Premiere auch ohne Ticket

Die Premiere der Kieler Sommeroper „Nabucco“ von Giuseppe Verdi wird am Sonnabend ab 19.45 Uhr in die Kieler Stadtteile Gaarden (Vinetaplatz), Mettenhof (Heidenberger Teich), Blücherplatz sowie in die Innenstadt (Bootshafen) live und kostenlos auf tageslichttaugliche Großbildleinwände übertragen. Zur Einstimmung gibt es ab 17 Uhr das familienfreundliche „Küstenkino“: Auf dem Blücherplatz wird „Die Schimmelreiter“ gezeigt.

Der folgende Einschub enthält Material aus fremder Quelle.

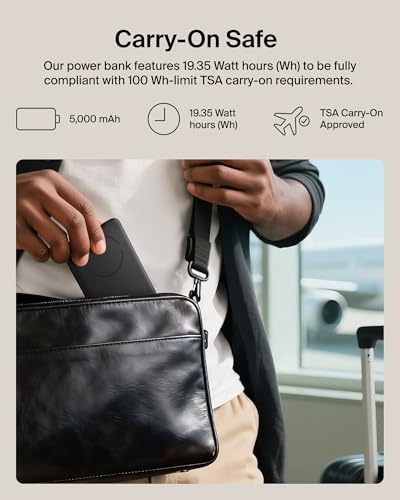Belkin 5K 15W Ultra Slim Portable Power Bank, Supports MagSafe Accessories - color: Black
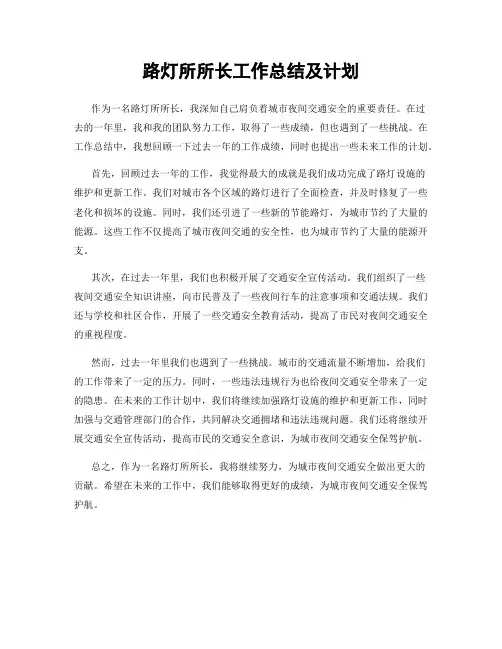 路灯所所长工作总结及计划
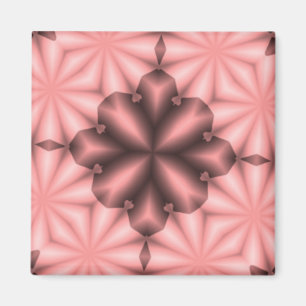 Pink and Black Floral Star Kaleidoscope Magnet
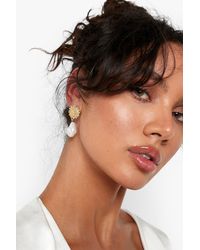 Boohoo - Pearl Drop Stone Earrings - Lyst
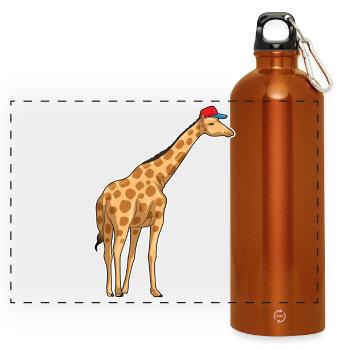 Giraffe Schüler Cap Schule - Panorama Trinkflasche mit Karabiner 750 ml - Orange - Vorne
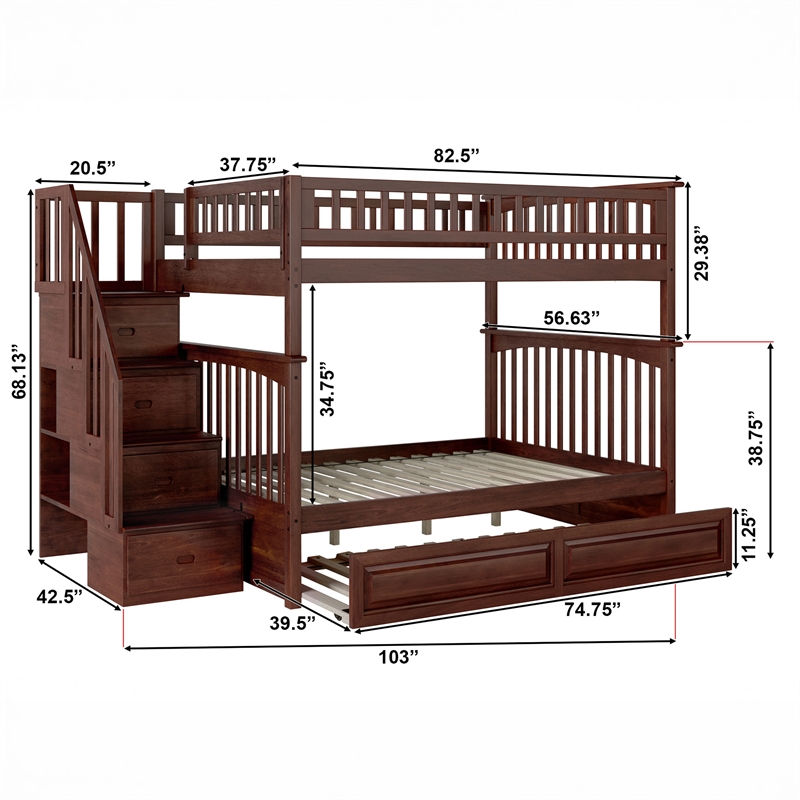 Pemberly Row Full Over Full Wood Staircase Bunk Bed with Trundle in Walnut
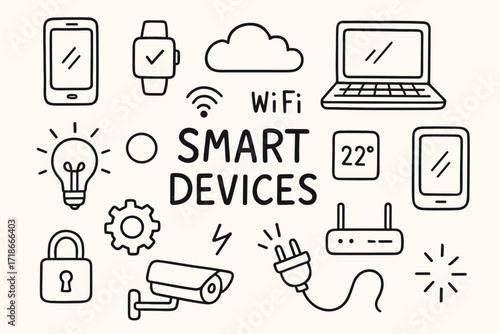 Smart Device Doodle Icons. Hand-drawn doodle illustration Smart devices and IoT [smartphone, smartwatch, smart speaker, wifi symbol, cloud, laptop, tablet,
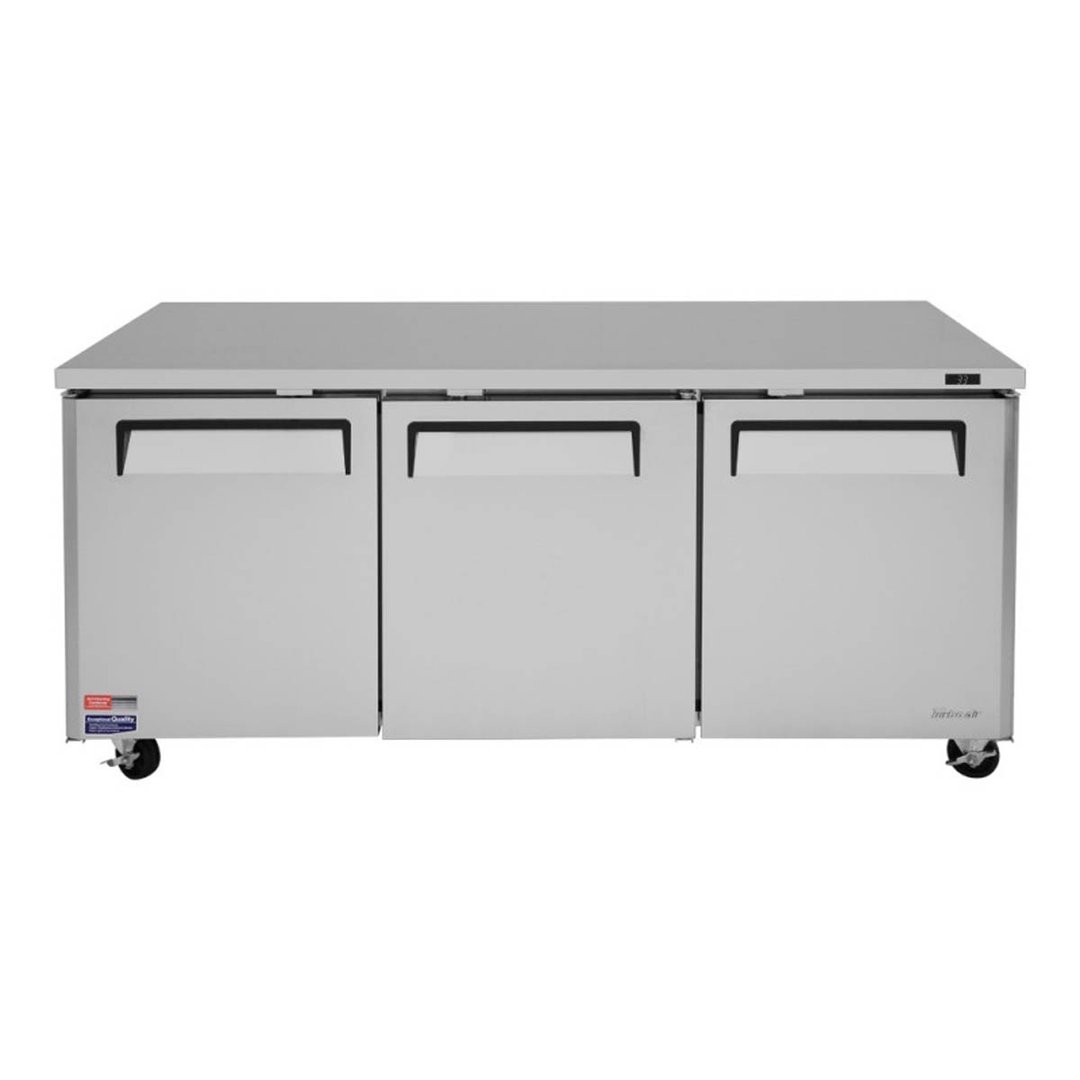 Turbo Air MUR-72-N 72" 3-Section Undercounter Refrigerator w/ 3 Doors, 18.8 cu. ft.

In Gaarden läuft „Dorfpunks“, in Mettenhof „Winnetous Sohn“ und am Bootshafen „Fraktus“.

Für den Bücherplatz bedeutet das: Bevor Großbildwand, Lautsprecher, Festzelttische und Bänke aufgestellt werden können, muss der Platz frei von parkenden Autos sein. Der gesamte Blücherplatz steht daher von Sonnabend, 8 Uhr, bis Sonntag, 10 Uhr, nicht als Parkfläche zur Verfügung. Wer dort „Nabucco“ erleben möchte, sollte am Premierenabend nicht mit dem Auto kommen, sondern zu Fuß, mit dem Rad oder Bus.